Overarching topic: Potions.

Writing unit: instructions texts.

Words taught: simmering, potent, precise, concoct, consume.

Why? The children were tasked to write instructions for a witch/wizard//apothecary to make a potion of their choosing. Simmering offered a great way to describe how the brew would look when it was either ready to be served, or ready to move on to the next instruction. It also opened discussion to how this word was different to similar words like hot and boilingPotent was my favourite word of the week, it really got children thinking about the strength, power, and effectiveness of their elixirs. What ingredients in particular would give it its potency?  Precise was taught as we were learning about how to use exact measurements to ensure whoever was making the potion used the correct amount.
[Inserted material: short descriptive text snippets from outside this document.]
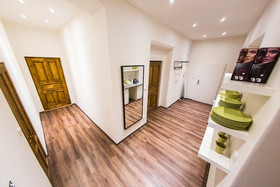 Freedom rooms and apartments
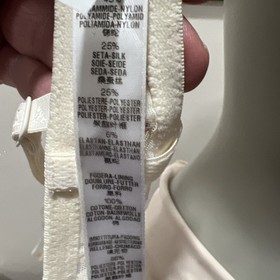 La Perla Ivory Lace Push Up Bra Padded Underwire Strappy Adjustable Straps. 34C.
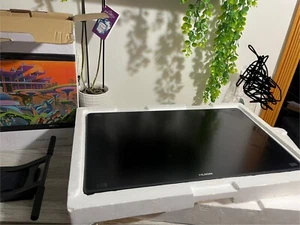Huion Kamvas 22 Graphics Drawing Tablet With Screen OTG Support - Picture 1 of 1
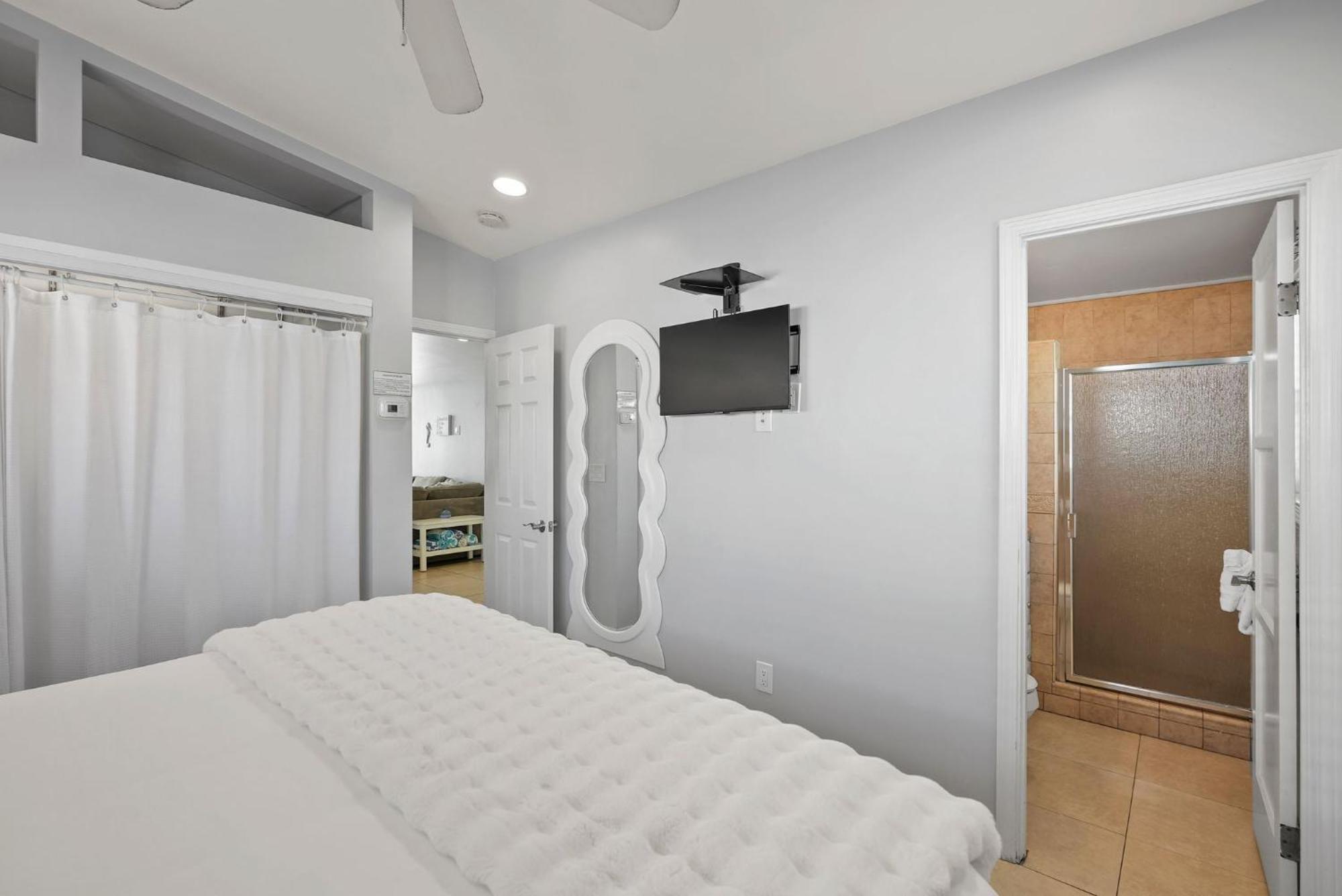 Casa de férias Stunning Haven! Steps To The & Pet Friendly! *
This gave it a real context, and the children now had a word to describe why their measurements had to be accurateConcoct provided lots of different ways to describe their mixture. We spoke about how we were mixing lots of ingredients together, and how we could use the word as a noun (concoction). Consume fitted really nicely with our ‘How do you know its worked’ section. Some children had chosen to create powders, liquids, tinctures, even potent cakes (true story), and this word gave the opportunity to talk about how their potions would be taken by their … subjects.

All these words have been specifically chosen to allow children to use these words as often as possible in their speech and writing. If vocabulary is planned like this, it then lends itself much easier to your teaching, and the things you say. Therefore exponentially increasing the amount of exposures these words get.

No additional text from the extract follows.